__Records for processing__
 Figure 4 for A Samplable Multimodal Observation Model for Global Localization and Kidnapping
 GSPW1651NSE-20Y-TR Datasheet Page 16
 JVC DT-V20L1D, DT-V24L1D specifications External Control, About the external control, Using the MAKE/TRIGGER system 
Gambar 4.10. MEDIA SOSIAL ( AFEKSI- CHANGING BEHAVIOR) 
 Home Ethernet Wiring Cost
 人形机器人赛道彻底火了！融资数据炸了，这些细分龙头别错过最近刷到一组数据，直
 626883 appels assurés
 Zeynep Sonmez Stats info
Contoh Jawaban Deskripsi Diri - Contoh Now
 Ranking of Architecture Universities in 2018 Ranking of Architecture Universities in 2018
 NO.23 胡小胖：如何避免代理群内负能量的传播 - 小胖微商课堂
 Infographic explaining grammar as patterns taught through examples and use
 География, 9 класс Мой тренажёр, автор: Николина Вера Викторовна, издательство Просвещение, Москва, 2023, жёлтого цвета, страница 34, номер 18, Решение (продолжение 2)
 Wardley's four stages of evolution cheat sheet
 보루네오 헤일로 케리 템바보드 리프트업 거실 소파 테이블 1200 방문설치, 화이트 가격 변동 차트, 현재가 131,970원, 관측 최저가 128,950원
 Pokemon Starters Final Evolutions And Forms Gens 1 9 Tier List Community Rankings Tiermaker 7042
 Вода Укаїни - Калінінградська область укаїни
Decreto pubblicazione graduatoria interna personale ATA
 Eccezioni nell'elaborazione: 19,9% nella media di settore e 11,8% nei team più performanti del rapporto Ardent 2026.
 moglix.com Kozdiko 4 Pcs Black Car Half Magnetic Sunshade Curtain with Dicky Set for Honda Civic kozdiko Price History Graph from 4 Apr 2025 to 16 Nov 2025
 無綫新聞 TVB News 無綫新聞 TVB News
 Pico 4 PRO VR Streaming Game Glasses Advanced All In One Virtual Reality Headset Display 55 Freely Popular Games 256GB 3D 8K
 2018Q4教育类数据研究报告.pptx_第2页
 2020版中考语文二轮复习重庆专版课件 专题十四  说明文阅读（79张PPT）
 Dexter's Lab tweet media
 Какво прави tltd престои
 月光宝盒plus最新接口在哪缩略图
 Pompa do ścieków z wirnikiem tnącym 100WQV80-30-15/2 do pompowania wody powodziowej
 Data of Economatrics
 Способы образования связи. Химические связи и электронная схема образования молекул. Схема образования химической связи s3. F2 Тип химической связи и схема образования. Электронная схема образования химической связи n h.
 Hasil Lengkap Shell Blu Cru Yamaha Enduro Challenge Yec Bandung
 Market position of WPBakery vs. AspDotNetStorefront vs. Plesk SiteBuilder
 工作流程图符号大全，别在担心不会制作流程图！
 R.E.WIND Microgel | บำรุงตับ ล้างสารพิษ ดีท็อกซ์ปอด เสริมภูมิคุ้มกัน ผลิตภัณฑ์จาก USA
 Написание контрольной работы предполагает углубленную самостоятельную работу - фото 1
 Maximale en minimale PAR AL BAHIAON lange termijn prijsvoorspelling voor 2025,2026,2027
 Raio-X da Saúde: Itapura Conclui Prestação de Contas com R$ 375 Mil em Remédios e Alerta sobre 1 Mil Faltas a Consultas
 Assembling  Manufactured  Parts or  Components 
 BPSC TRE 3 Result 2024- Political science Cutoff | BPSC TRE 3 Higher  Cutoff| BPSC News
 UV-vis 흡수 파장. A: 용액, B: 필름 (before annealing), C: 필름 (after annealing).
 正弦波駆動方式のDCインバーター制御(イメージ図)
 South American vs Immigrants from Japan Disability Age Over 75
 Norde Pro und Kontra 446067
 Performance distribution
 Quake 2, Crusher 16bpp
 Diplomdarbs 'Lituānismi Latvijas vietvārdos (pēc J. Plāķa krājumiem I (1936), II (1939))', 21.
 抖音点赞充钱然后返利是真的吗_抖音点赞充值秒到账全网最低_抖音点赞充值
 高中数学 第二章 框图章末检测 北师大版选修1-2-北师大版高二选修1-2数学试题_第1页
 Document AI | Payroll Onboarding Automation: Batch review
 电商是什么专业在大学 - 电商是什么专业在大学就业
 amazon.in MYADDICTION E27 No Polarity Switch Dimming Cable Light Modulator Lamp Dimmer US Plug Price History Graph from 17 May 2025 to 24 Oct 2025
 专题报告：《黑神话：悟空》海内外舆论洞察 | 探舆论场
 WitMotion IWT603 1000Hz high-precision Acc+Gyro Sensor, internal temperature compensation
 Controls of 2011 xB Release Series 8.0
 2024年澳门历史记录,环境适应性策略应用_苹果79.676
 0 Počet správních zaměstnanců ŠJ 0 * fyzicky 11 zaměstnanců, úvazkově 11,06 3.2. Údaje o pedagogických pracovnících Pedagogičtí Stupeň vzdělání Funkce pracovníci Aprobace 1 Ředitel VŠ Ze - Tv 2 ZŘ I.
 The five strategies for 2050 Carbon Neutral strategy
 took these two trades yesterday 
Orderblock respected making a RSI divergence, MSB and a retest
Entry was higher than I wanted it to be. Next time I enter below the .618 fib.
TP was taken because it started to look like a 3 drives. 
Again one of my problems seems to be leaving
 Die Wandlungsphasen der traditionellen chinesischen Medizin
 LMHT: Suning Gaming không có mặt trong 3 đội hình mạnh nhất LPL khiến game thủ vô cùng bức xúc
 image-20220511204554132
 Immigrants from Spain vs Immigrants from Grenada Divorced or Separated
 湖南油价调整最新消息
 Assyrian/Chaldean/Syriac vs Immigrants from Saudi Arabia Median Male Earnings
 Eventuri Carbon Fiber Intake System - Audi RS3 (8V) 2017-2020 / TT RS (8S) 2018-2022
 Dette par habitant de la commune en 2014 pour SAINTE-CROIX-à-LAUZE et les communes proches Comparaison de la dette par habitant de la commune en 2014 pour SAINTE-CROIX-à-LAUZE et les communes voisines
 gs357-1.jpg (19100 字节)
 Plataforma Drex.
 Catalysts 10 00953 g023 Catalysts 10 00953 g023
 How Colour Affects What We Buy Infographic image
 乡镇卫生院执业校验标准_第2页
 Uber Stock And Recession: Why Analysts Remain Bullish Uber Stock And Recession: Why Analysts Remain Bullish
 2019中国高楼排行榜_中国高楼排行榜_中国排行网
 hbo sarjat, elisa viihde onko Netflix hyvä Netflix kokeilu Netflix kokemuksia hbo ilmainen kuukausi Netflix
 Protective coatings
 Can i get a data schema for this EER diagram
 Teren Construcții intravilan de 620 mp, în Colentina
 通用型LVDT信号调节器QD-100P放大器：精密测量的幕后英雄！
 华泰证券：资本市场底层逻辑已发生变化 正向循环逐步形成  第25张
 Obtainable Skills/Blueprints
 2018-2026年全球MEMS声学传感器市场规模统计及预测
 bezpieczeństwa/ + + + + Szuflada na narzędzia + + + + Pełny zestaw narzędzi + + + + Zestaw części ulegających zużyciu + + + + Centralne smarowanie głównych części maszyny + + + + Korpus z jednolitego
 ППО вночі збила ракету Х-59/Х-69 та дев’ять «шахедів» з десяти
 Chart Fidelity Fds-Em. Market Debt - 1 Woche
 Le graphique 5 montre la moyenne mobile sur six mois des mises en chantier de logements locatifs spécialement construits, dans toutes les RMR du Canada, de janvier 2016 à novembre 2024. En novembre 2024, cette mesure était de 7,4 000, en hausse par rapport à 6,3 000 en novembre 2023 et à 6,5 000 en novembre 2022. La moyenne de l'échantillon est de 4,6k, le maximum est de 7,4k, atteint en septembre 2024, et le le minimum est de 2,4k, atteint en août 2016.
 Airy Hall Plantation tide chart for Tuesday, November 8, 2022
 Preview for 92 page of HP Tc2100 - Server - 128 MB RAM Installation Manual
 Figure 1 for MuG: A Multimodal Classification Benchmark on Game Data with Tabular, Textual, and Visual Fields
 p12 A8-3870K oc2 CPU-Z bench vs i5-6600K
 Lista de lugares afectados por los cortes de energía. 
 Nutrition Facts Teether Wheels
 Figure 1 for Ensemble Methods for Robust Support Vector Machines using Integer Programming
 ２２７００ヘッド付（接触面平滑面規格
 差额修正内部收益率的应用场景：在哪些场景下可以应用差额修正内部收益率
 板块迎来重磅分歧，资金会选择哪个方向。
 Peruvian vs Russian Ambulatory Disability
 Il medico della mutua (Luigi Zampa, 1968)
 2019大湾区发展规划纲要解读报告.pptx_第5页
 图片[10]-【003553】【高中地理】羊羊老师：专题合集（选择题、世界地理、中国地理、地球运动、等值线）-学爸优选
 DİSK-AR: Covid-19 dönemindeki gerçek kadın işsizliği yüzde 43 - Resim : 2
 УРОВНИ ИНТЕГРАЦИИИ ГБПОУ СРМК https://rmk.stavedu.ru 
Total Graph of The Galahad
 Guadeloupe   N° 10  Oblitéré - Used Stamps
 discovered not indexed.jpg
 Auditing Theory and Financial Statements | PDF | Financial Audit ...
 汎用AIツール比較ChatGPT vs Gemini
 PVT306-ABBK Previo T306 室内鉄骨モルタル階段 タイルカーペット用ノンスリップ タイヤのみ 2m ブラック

__What is expected__
Each line of the records above, from the first through the one containing "Home Ethernet Wiring Cost", is to be retyped exactly; no other line belongs.

__Task result__
 Figure 4 for A Samplable Multimodal Observation Model for Global Localization and Kidnapping
 GSPW1651NSE-20Y-TR Datasheet Page 16
 JVC DT-V20L1D, DT-V24L1D specifications External Control, About the external control, Using the MAKE/TRIGGER system 
Gambar 4.10. MEDIA SOSIAL ( AFEKSI- CHANGING BEHAVIOR) 
 Home Ethernet Wiring Cost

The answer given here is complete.